▶ **TASK TO COMPLETE**
Find the line below with "Andrei Martyanov, Iran". Print it and every line after it exactly, through the last line, leaving out the pictures.

▶ **RECORDS SUPPLIED**
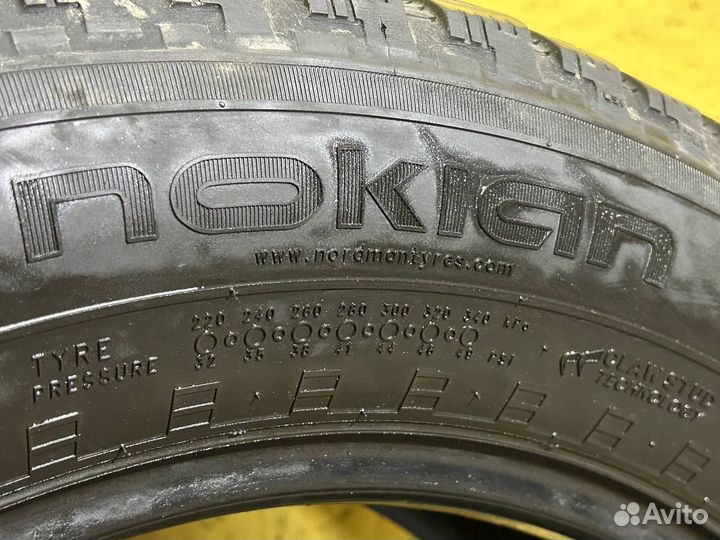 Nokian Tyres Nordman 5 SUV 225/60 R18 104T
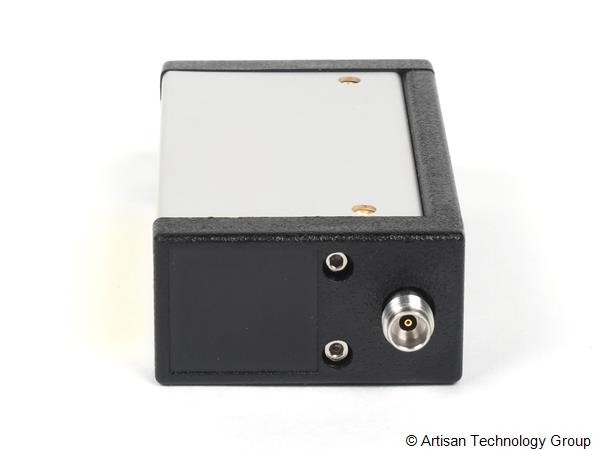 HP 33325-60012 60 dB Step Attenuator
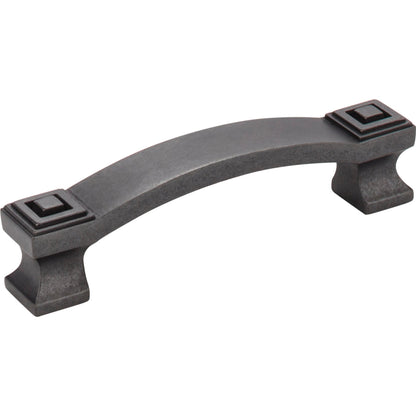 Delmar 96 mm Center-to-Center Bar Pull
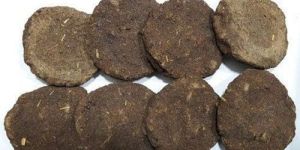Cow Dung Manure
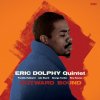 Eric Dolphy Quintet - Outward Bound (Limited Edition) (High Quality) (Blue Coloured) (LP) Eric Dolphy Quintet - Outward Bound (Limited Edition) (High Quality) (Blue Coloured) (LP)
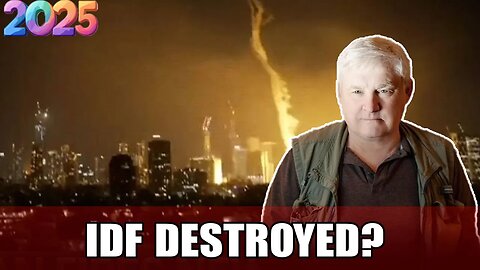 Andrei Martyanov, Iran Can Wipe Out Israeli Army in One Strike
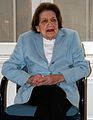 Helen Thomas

▶ **SOLUTION FOR THIS EXERCISE**
 Andrei Martyanov, Iran Can Wipe Out Israeli Army in One Strike
 Helen Thomas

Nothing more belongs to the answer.